▸ **Aim of the exercise**
Below are records that hold pictures; write out only the lines from their start through the line with "the table is", exactly, and drop the pictures.

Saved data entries

========

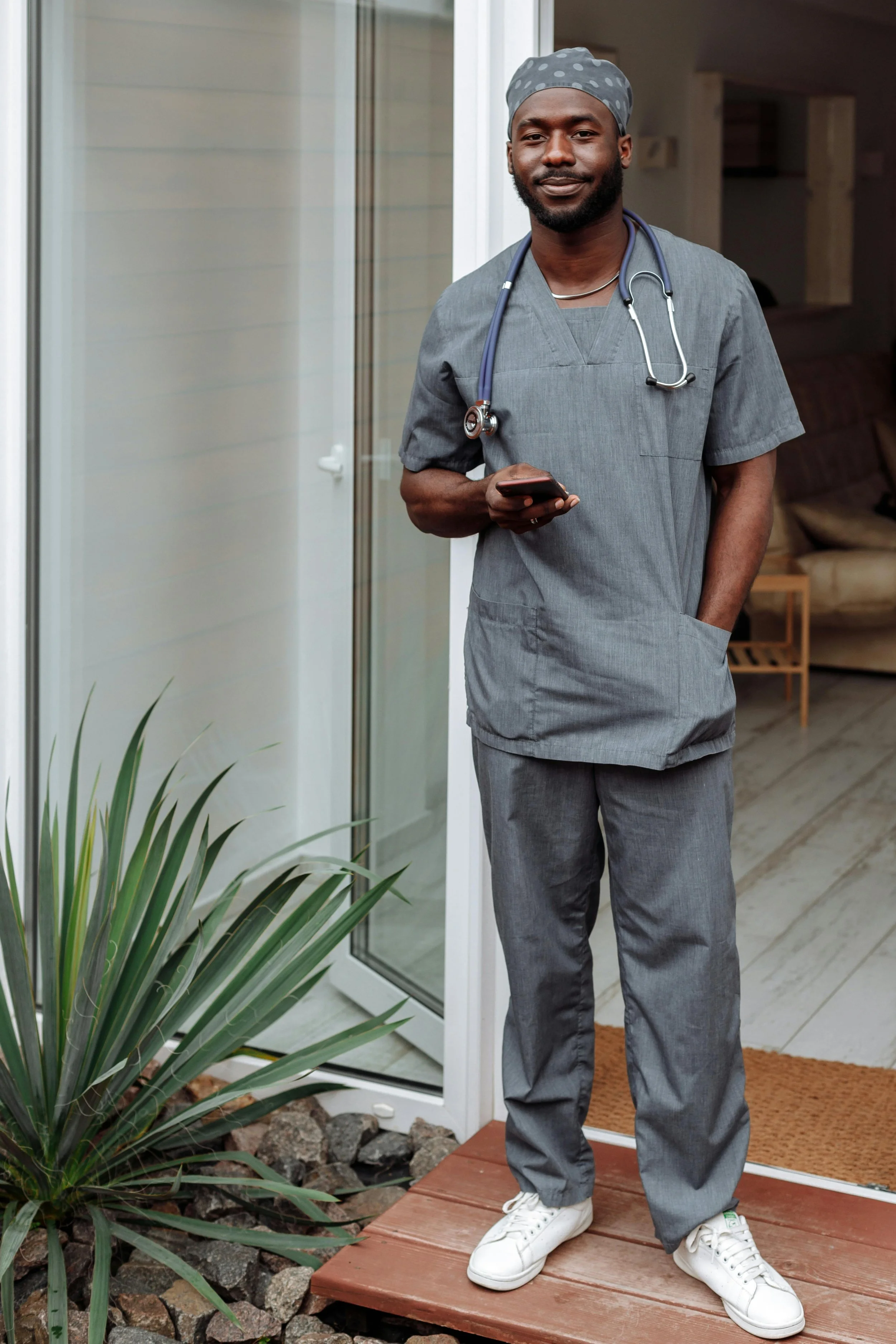 A male healthcare worker, dressed in gray scrubs with a stethoscope around his neck, standing on a porch and looking at his phone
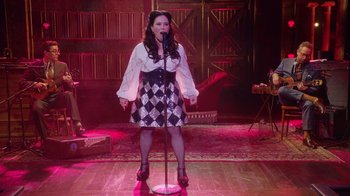 Movie still from “Alex Borstein: Corsets & Clown Suits” (2023), directed by Scott Ellis – A woman standing on a stage singing into a microphone; Wide shot, High angle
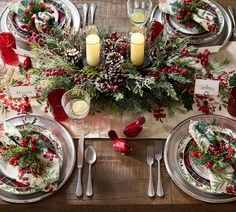 the table is set for christmas dinner with silverware and red berries, pine cones, greenery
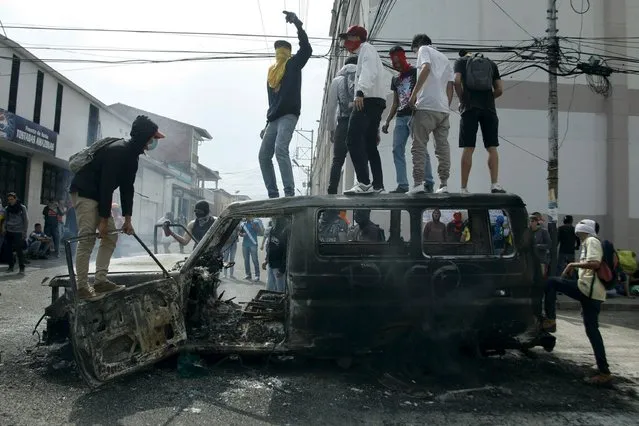 Demonstrators jump on a burned van during a protest against President Nicolas Maduro's government in San Cristobal, Venezuela March 3, 2016. (Photo by Carlos Eduardo Ramirez/Reuters)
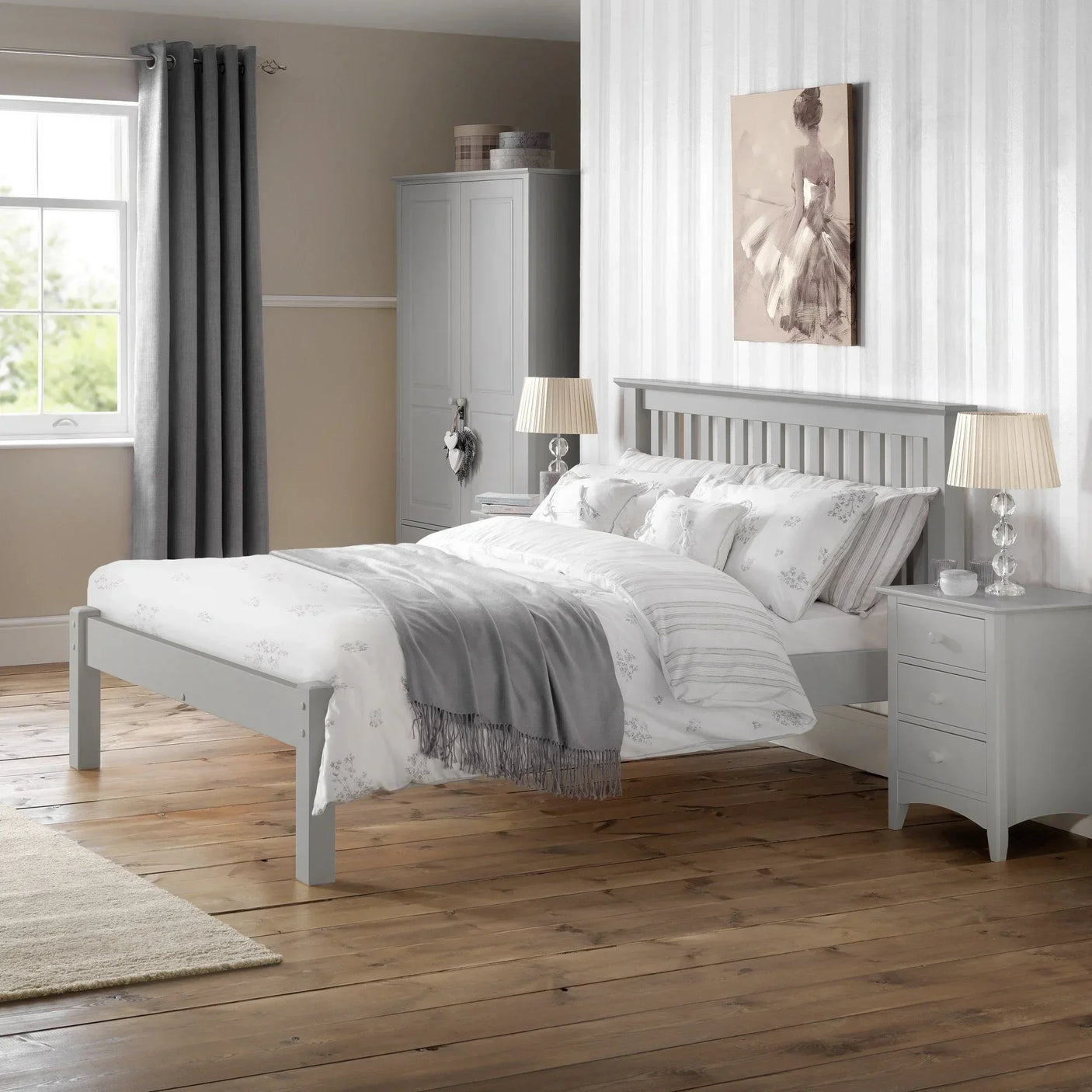 Dove grey double bed with slatted headboard in bright bedroom with matching bedside tables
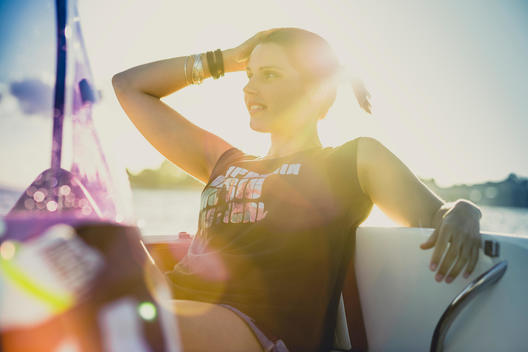 young woman wearing a fashionable outfit while sitting on a boat at summer and looking into the distance, back light and lens flare
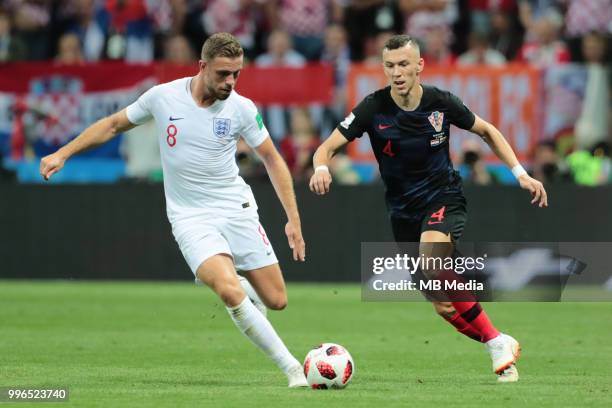 Ivan Perisic of Croatia and Jordan Henderson of England vie for the ball during the 2018 FIFA World Cup Russia Semi Final match between England and...
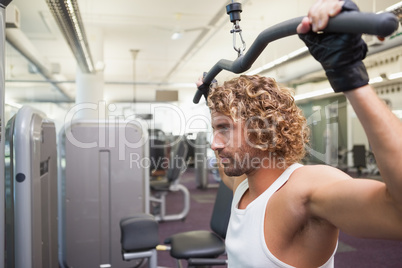 Young man exercising on a lat machine in gym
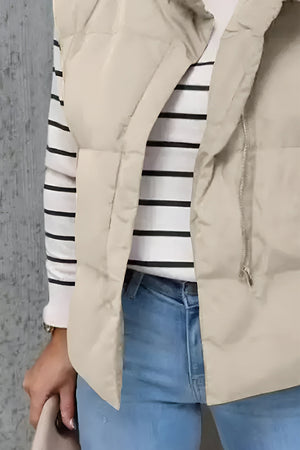 Padded beige stand collar vest with zipper detail over a striped long-sleeve shirt and jeans.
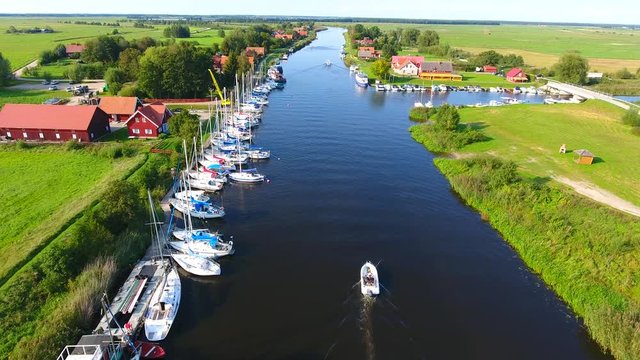 Village near the river. Drone camera flaying over the small village near the river on a countryside on a sunny summer day.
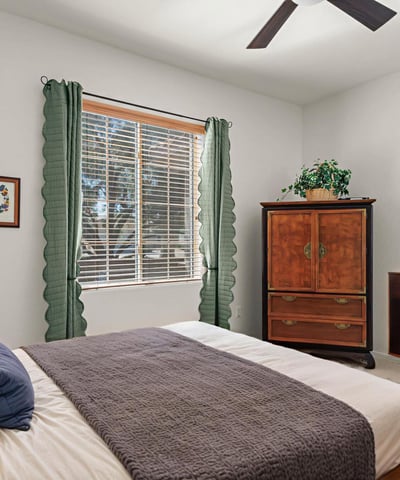 The guest room offers soft light, warm tones, and a peaceful feel ideal for guests or multi-purpose use.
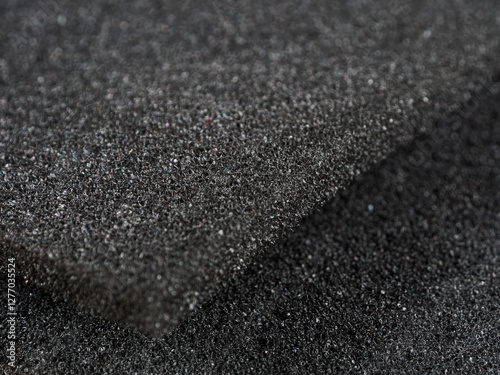 Polyurethane foam material for noise insulation and packaging, efficient and lightweight, ideal for sound protection.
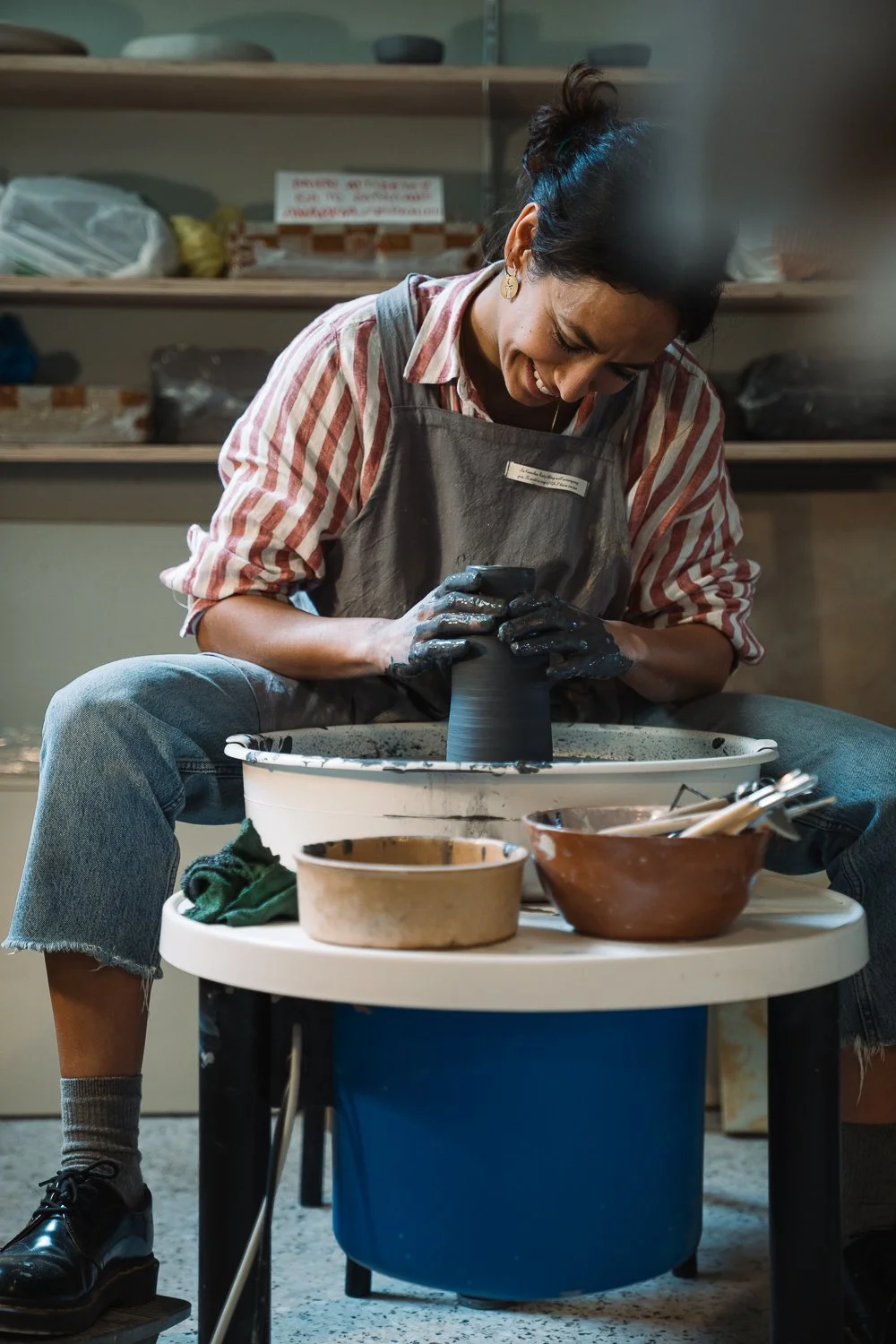 A woman working on a pottery wheel, shaping a piece of black clay in a studio.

========

▸ **Answer box**
 A male healthcare worker, dressed in gray scrubs with a stethoscope around his neck, standing on a porch and looking at his phone
 Movie still from “Alex Borstein: Corsets & Clown Suits” (2023), directed by Scott Ellis – A woman standing on a stage singing into a microphone; Wide shot, High angle
 the table is set for christmas dinner with silverware and red berries, pine cones, greenery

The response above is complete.